The phrase "first world problems" comes to mind. I mean not being able to hear your audio book over the backup alarm telling you you're close to impacting an outside object seems pretty far down the list of problems to worry about.


----------



## Munnjo (Sep 2, 2018)

gerardrjj said:


> The phrase "first world problems" comes to mind. I mean not being able to hear your audio book over the backup alarm telling you you're close to impacting an outside object seems pretty far down the list of problems to worry about.

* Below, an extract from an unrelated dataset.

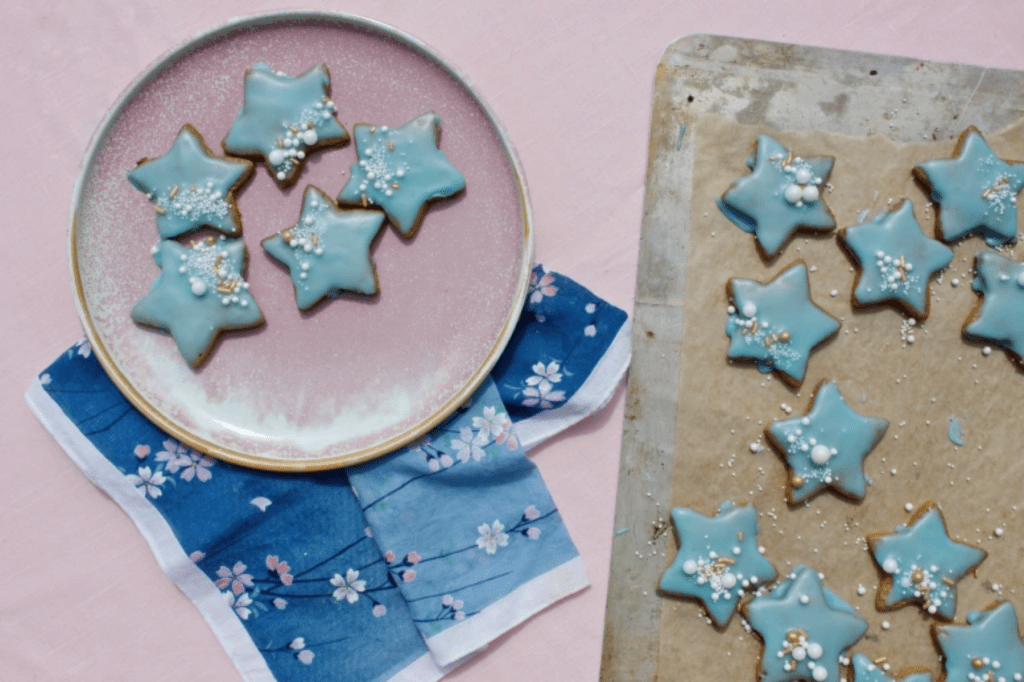 Blue-iced star shaped cookies on a pink plate and tray. This image links through to a web page with the recipe.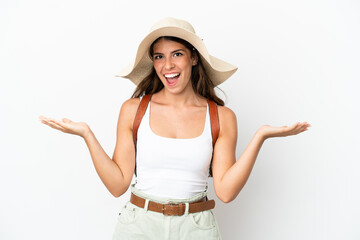 Young caucasian woman wearing a Pamela in summer holidays isolated on white background with shocked facial expression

It's not the alarm that I'm talking about. The volume of the stereo automatically lowers when the car is placed into reverse, so if I'm listening to a podcast, audio book and I back up into a parking spot it lowers it to the point where I can't hear it. There is a setting to reduce the amount it lowers the volume and it seems to work for a while (until my wife drives with her key) and then it seems to reset to the default setting when I get in. It's certainly a minor annoyance and it just takes one push of a button to jump back a few seconds in the podcast - but it's strange to me how the setting keeps defaulting to factory setting. I've just been turning it up with the volume knob as christophe15 suggested but wondered if it was happening to anyone else. Not keeping me up at night


----------



## christophe15 (Nov 12, 2018)

:thumbup:

when I get a chance, I will jump in and reset all my personalization settings and add this one- volume up on the radio on reverse, volume down on the alerts (I think I remember seeing them) and see if saves the settings after exit/re-entry. This might just be, I also saw in another post about saving driver seat position, a post where if you make adjustments with the car in Neutral (weird eh?) and they will save, so might try that first before resetting everything... 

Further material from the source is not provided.